Gadkari began with a sugar mill in Vidarbha in 2001, ostensibly to
encourage the region’s distress-hit cotton farmers to turn to a less
risky crop. Except he chose to locate his plant on the outskirts of
Nagpur, somewhat removed from the cotton-growing, suicide-prone
districts of Vidarbha. At any rate, his description of himself as
politician-cum-social entrepreneur would apply, if at all, to Purti’s
early days. Very swiftly, Purti expanded into areas that made it hard to
justify outright social benefit, like ethanol and alcohol, which it
supplies, among others, to Vijay Mallya’s UB Group. When Purti decided
to expand into power, Vidarbha’s sunrise sector, it brought Mr. Gadkari
in conflict with his own party, which opposed the diversion of water
from Vidarbha’s irrigation dams to a rash of new power projects. On
Purti Group’s website, one of his group companies, Avinash Fuels, says
it has applied for coal mining in Maharashtra, Orissa, Madhya Pradesh
and Chhattisgarh. (The website has since disabled all such pages). But
it retains Purti’s basic description as ‘Vidarbha’s leading business
group’, ‘a Rs. 3000 million company’ — which only shows how far Mr.
Gadkari has come from his self-description as a patron of Vidarbha’s
poor.
While all of this may have opened up Mr.
Gadkari to questions of conflict of interest, our investigation has
raised more serious questions about the source of the capital that
financed Purti’s rapid growth.
In its regulatory
filings, Purti Sugar and Power Pvt Ltd.’s start-up finance came from a
paid-up capital of Rs. 68 crore, raised through the sales of six crore
shares.

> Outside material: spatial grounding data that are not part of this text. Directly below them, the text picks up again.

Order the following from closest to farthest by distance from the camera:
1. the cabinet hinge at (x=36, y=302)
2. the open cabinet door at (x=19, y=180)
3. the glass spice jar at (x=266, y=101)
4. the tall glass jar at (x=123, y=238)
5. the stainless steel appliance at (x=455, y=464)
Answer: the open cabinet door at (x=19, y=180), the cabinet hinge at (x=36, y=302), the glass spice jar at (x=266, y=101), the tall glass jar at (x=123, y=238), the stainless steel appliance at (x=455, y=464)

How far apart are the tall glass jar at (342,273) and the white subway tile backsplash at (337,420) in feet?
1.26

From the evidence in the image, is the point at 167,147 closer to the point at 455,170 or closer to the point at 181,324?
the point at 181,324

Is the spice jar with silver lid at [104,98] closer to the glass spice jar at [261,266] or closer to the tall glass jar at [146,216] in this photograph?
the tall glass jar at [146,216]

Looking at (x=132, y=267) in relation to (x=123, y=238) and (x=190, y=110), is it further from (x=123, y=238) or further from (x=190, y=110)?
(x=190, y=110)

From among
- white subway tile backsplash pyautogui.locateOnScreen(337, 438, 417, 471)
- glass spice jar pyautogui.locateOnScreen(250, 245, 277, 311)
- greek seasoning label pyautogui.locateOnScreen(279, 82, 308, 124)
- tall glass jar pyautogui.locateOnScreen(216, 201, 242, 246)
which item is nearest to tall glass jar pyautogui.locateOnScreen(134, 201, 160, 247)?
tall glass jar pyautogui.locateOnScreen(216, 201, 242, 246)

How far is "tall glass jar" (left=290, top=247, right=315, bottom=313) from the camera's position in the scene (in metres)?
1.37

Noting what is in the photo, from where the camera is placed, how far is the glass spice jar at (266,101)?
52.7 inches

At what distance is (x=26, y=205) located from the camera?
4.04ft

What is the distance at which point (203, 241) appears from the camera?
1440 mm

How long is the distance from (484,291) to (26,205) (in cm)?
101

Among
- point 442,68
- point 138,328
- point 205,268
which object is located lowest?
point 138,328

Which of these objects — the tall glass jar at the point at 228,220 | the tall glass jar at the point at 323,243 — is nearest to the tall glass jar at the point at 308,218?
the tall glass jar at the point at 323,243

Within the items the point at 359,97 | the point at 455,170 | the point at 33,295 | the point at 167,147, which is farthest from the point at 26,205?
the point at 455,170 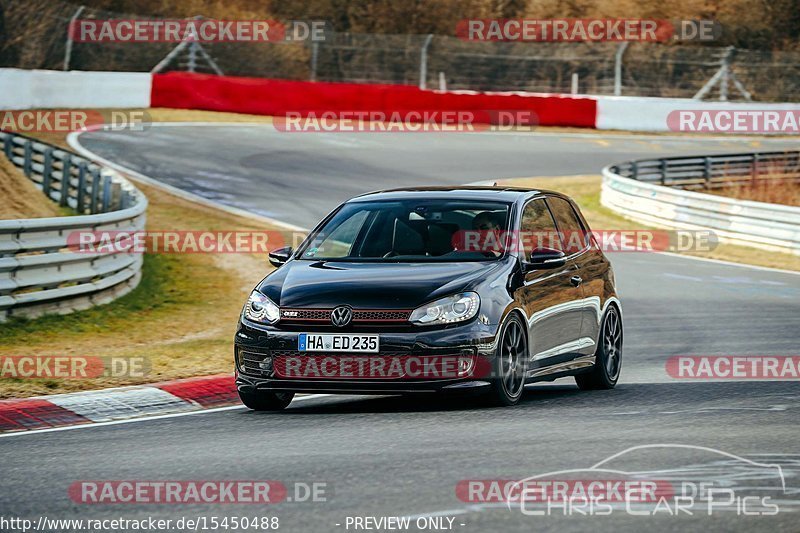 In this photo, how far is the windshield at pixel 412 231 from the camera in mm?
10438

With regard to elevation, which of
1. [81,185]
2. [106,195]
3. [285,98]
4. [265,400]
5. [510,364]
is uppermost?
[510,364]

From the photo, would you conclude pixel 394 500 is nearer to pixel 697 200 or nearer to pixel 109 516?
pixel 109 516

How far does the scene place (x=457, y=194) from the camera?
10.9 metres

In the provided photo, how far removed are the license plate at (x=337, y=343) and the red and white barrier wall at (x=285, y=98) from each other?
33.0 meters

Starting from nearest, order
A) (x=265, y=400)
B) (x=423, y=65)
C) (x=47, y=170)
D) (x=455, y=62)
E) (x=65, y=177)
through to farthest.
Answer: (x=265, y=400) → (x=65, y=177) → (x=47, y=170) → (x=423, y=65) → (x=455, y=62)

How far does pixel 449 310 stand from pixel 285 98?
112 ft

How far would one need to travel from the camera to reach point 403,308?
940cm

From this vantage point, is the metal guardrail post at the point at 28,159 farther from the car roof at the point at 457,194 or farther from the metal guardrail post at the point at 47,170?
the car roof at the point at 457,194

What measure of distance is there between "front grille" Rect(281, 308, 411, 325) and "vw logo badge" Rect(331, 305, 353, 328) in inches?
1.1

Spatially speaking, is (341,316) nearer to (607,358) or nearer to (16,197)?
(607,358)

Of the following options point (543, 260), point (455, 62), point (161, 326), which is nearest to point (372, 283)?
point (543, 260)

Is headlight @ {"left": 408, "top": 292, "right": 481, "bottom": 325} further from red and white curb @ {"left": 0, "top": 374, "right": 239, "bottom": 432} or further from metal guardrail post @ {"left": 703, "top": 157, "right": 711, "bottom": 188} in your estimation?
metal guardrail post @ {"left": 703, "top": 157, "right": 711, "bottom": 188}

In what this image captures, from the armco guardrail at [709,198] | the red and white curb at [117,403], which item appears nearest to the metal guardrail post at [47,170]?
the armco guardrail at [709,198]

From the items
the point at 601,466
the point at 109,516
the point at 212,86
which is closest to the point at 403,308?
the point at 601,466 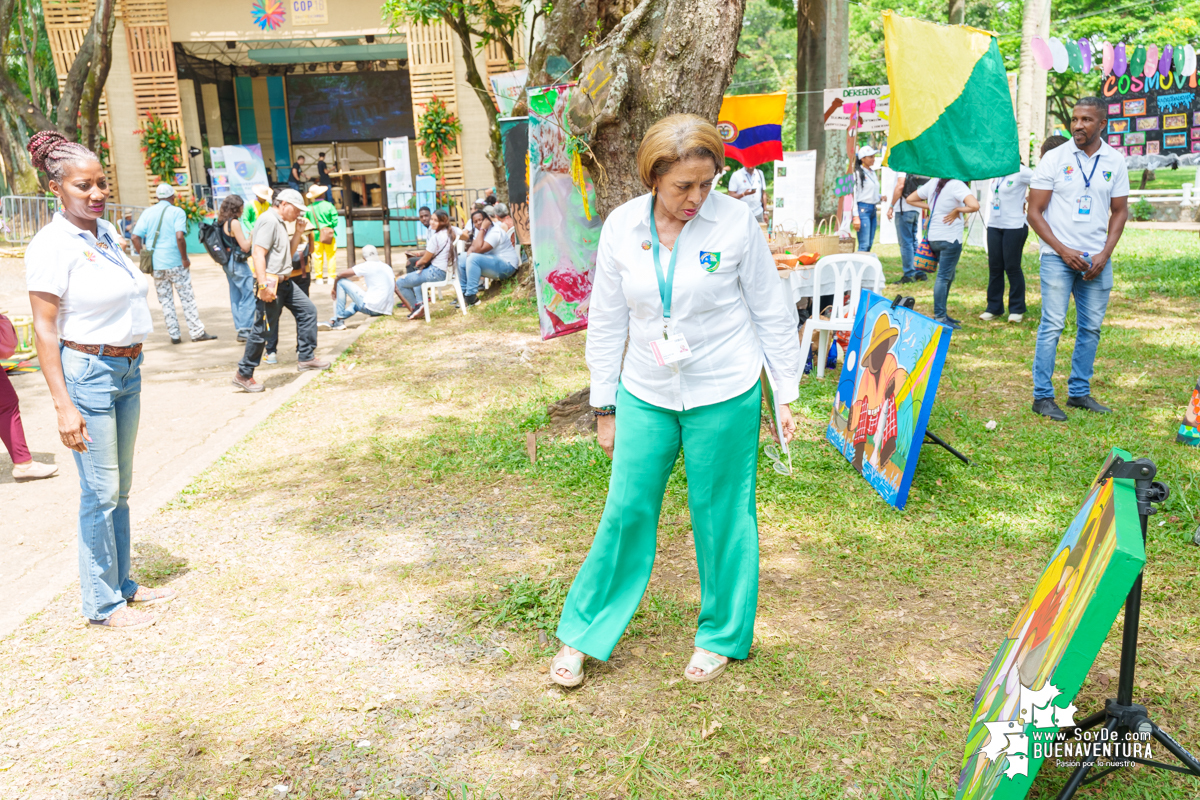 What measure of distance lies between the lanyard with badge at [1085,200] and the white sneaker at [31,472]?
689 centimetres

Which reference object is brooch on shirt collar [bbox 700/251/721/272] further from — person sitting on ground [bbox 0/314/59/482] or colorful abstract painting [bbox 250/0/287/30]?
colorful abstract painting [bbox 250/0/287/30]

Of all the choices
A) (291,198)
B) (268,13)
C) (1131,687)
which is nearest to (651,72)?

About 70 per cent of these shares are owned by 18 companies.
Their identity is impossible to ascertain since, as NDTV reporters
discovered, none of them have given accurate addresses. For example,
Earnwell Traders and Swiftsol India, which own shares for about Rs. 5
crore in Purti, gave their address as Govind Karman Chawl in Malad East.
The residents of the chawl had never heard of these companies.
Similarly, another set of investors in Purti, Chariot Investrade,
Regency Equifin and Leverage Fintrade, also gave a false address in
Malad East. One company, Sterlight Fincom, has changed its address three
times in five years. And so on.
Evasive
When
we asked Mr. Gadkari in studio last week about the identity of his
mystery investors, he was evasive. He first said Purti was owned by
10,000 farmers, and he cannot remember each of their names or addresses.
We pointed out that these so-called farmers own only 10 per cent of
Purti, and that the rest are owned by 18 companies. He then said he
“approached many people from the society: industrialists, traders,
businessmen and investors ... and also NRI people”.
But
several of these companies have Mr. Gadkari’s personal staff as their
directors. Ashwami Sales and Marketing, which invested Rs. 3.2 crore in
Purti, has as its director Manohar Panse, Mr. Gadkari’s driver.
Sterlight Fincom, which invested about Rs. 4 crore in Purti, has as its
director Vishnu Sharma, Mr. Gadkari’s astrologer. Why would the
cash-strapped president of a political party borrow money from his own
(presumably even more cash-strapped) employees?
Moreover,
Mr. Gadkari has advanced loans to at least one of these companies that
he is borrowing from. The balance sheet of Regency Equifin, which bought
about 40 lakh shares in Purti, shows an unsecured loan from Nitin
Gadkari of Rs. 26 lakh in 2009, which is reduced to Rs. 16 lakh in 2010.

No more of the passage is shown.